Caption-style text data:
╔══

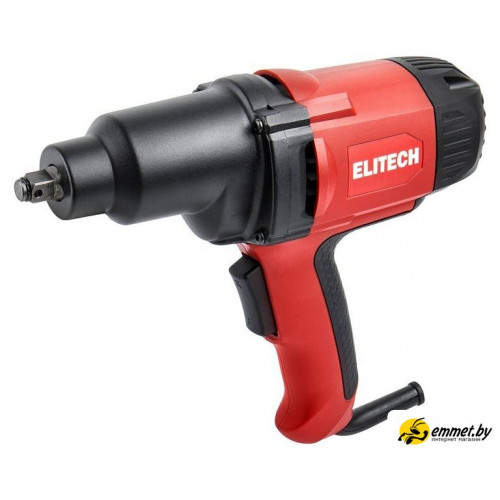 Гайковерт ELITECH ГУ 0903РЭ E2201.068.00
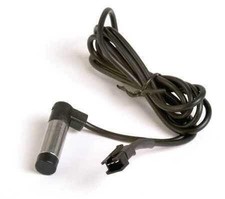 Capteur de vitesse KOSO pour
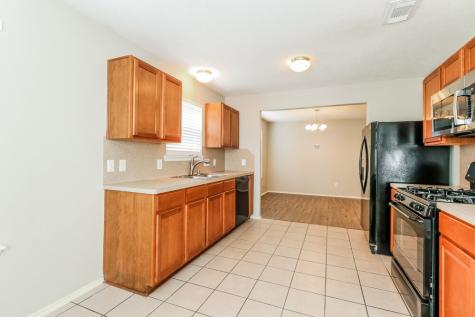 33322 Cottonwood Bend Magnolia TX 77354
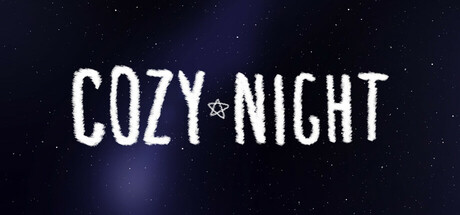 Cozy Night General Discussions :: Steam Community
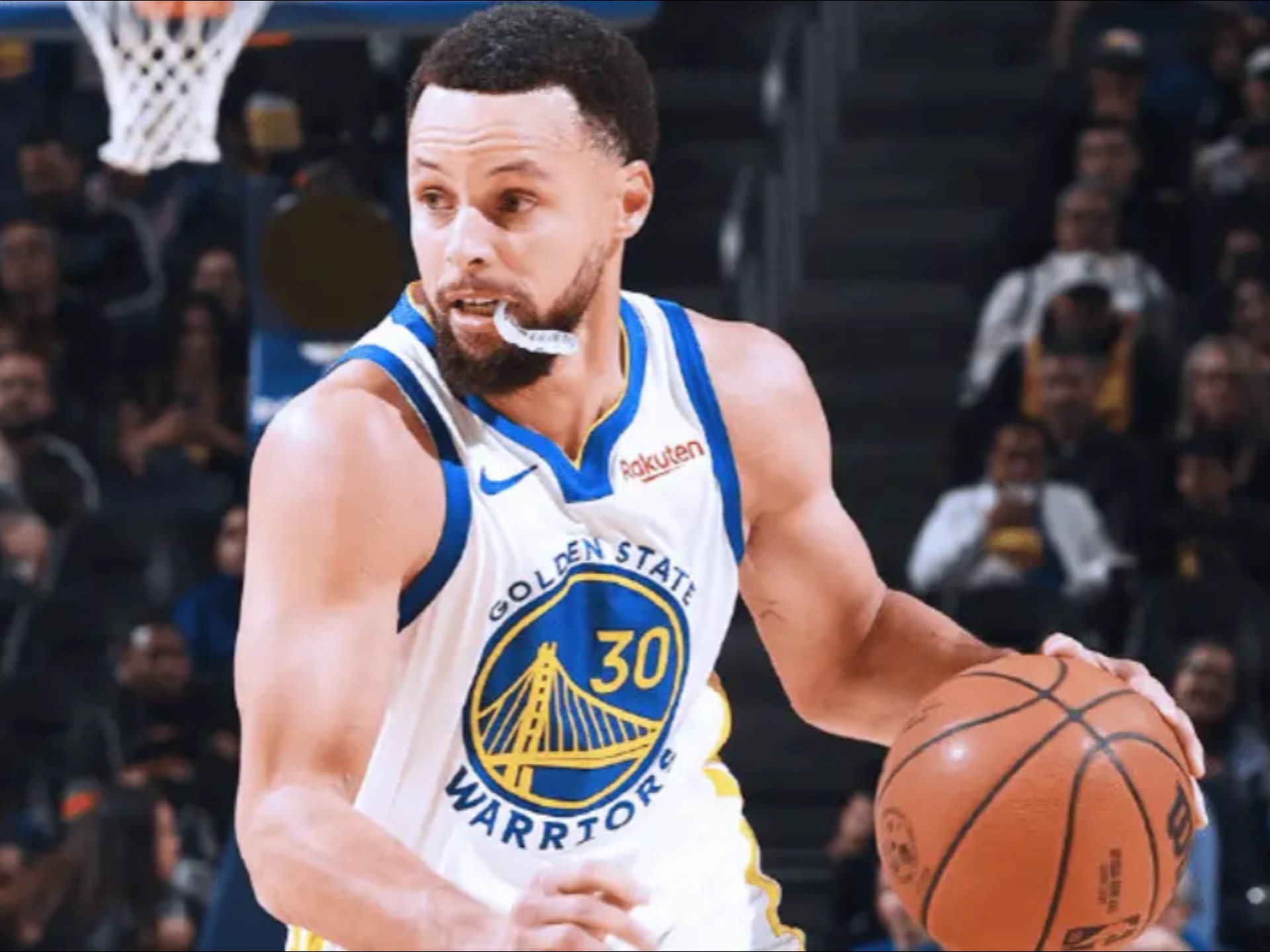 包含库里迎来七赛季高光表现,西班牙队球迷沸腾!的词条 包含库里迎来七赛季高光表现,西班牙队球迷沸腾!的词条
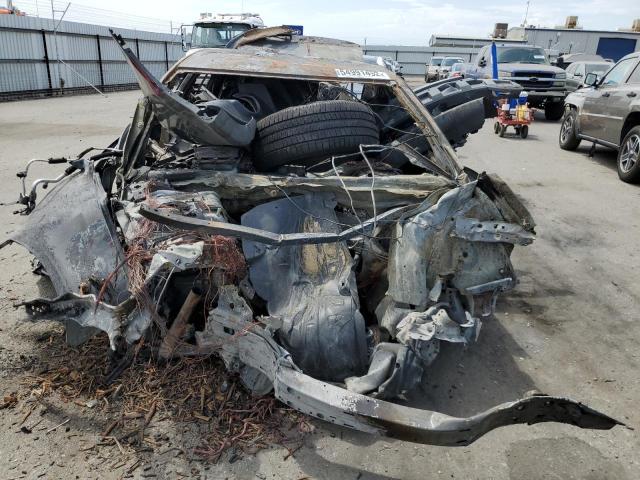 Photo 7 from auction – 2019 DODGE CHARGER SC with VIN 2C3CDXGJ5KH710538
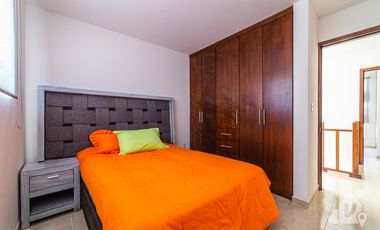 CASA EN VENTA EN SAN JUAN DEL RIO, QUERETARO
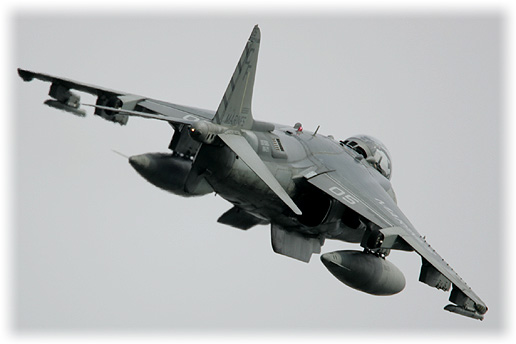 VMA-211"Wake Island Avengers"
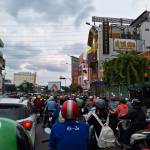 Đoàn Đăc d ở Quận 2, TP Hồ Chí Minh - Kiếm bạn tinh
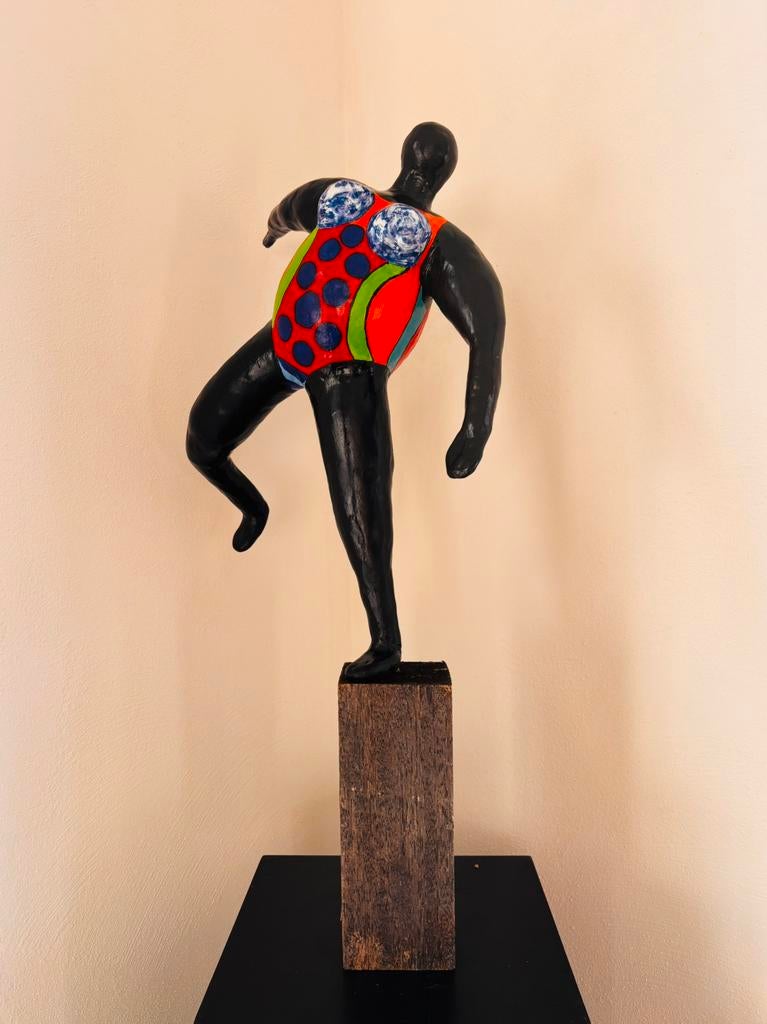 Inboedel, Huis en Inrichting, Ophalen of Verzenden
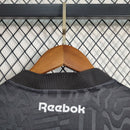 Camisola Feminina Botafogo 2023/24 Principal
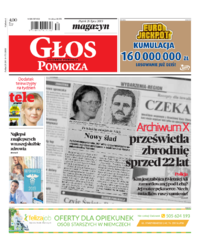 Głos Pomorza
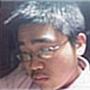 Scott Chen Photo 13
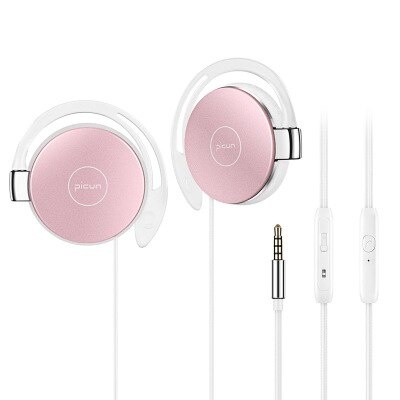 SNOM Snom A310D Binaurale Headset met Ruisonderdrukking (4626)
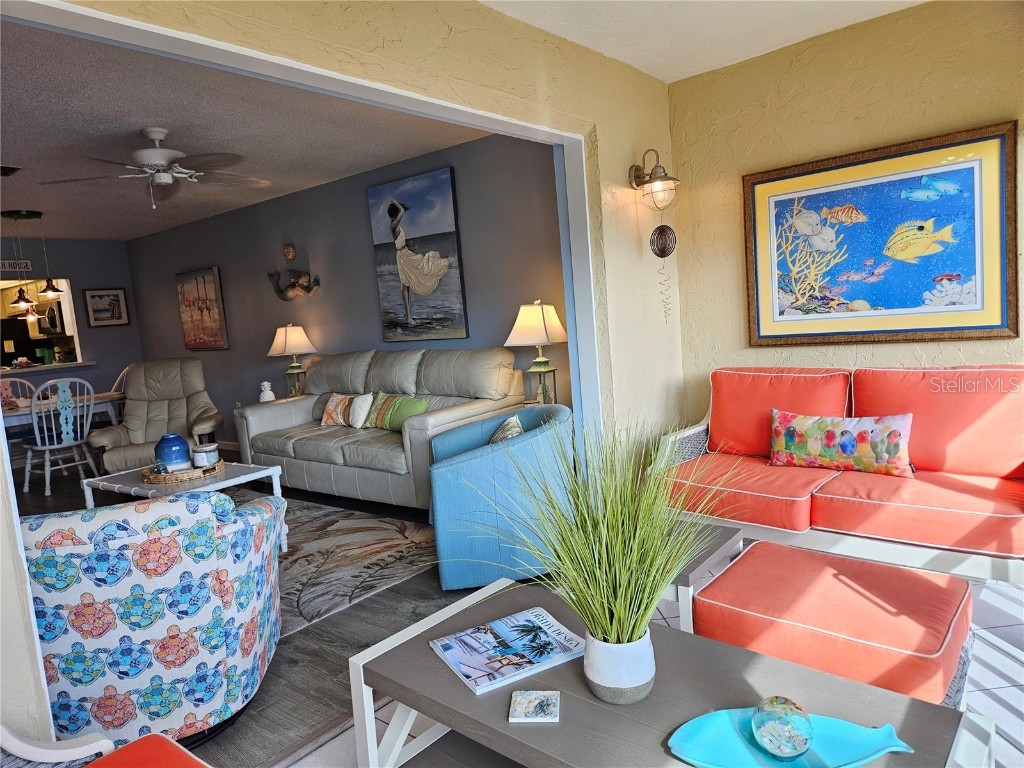 340 Three Lakes Lane #F Venice FL 34285 N6141211 image13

╚══

**WORK INSTRUCTION:**
Restate word for word every line from the one with "Cozy Night General" up to and including the one with "Đoàn Đăc d ở" in the records above, minus the pictures.

**REPLY TO THE EXERCISE:**
 Cozy Night General Discussions :: Steam Community
 包含库里迎来七赛季高光表现,西班牙队球迷沸腾!的词条 包含库里迎来七赛季高光表现,西班牙队球迷沸腾!的词条
 Photo 7 from auction – 2019 DODGE CHARGER SC with VIN 2C3CDXGJ5KH710538
 CASA EN VENTA EN SAN JUAN DEL RIO, QUERETARO
 VMA-211"Wake Island Avengers"
 Đoàn Đăc d ở Quận 2, TP Hồ Chí Minh - Kiếm bạn tinh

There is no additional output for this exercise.